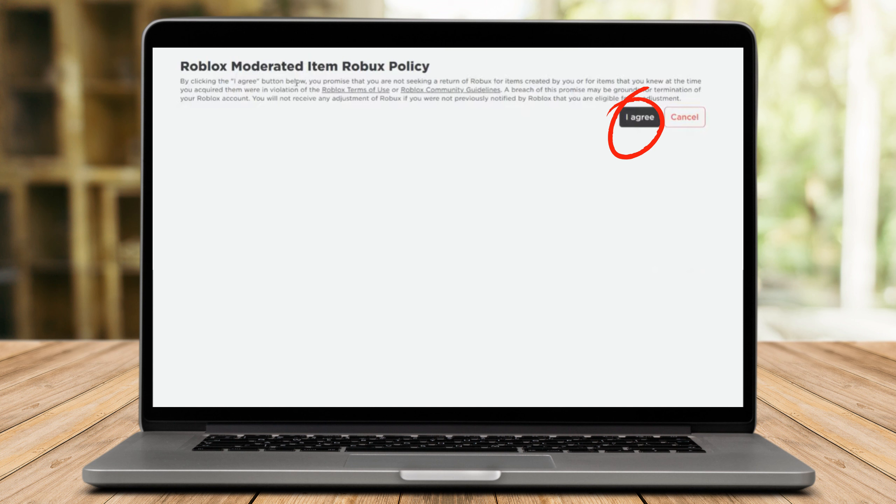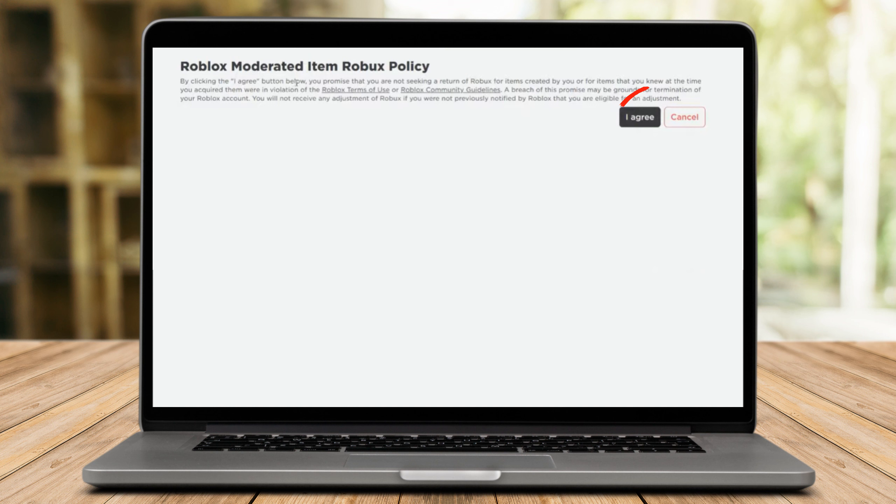This rule was put in place as a result of parental lawsuits against Roblox for taking stuff off their children's accounts. You can consent to the above notification without concern if you haven't created anything that violates the Roblox terms of service.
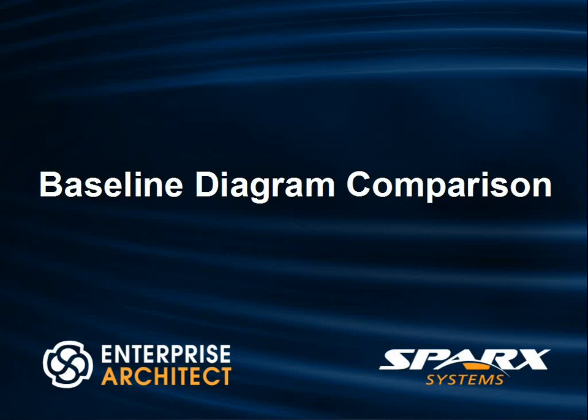Hi, my name is Scott Hebbard from Spark Systems, and today I'm going to conduct a baseline diagram comparison using Enterprise Architect.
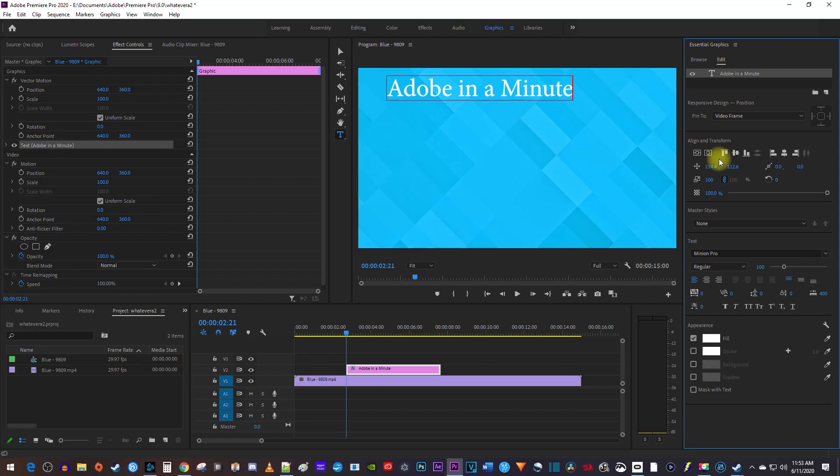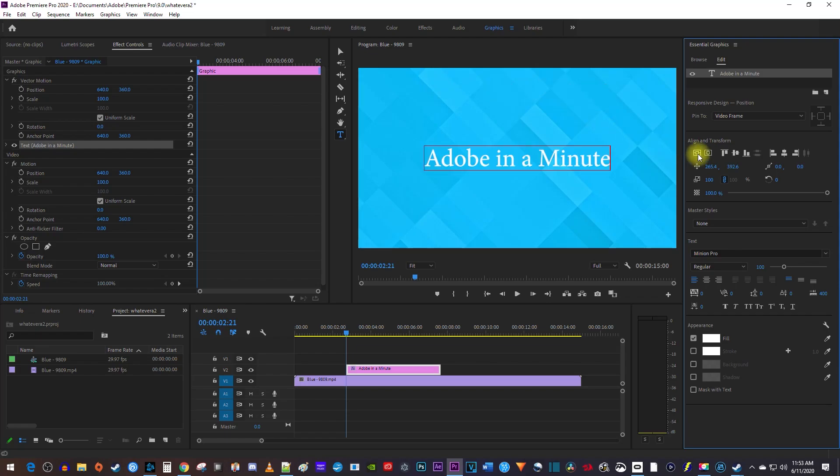I use this second button the most, which centers my text horizontally in the frame. But if you're doing an intro or something like that, you may want to center your text vertically with the first button.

##########

• What the exercise asks:
Would you write out the data exactly, with no pictures in the copy?

• Result for this task:
This rule was put in place as a result of parental lawsuits against Roblox for taking stuff off their children's accounts. You can consent to the above notification without concern if you haven't created anything that violates the Roblox terms of service.
Hi, my name is Scott Hebbard from Spark Systems, and today I'm going to conduct a baseline diagram comparison using Enterprise Architect.
I use this second button the most, which centers my text horizontally in the frame. But if you're doing an intro or something like that, you may want to center your text vertically with the first button.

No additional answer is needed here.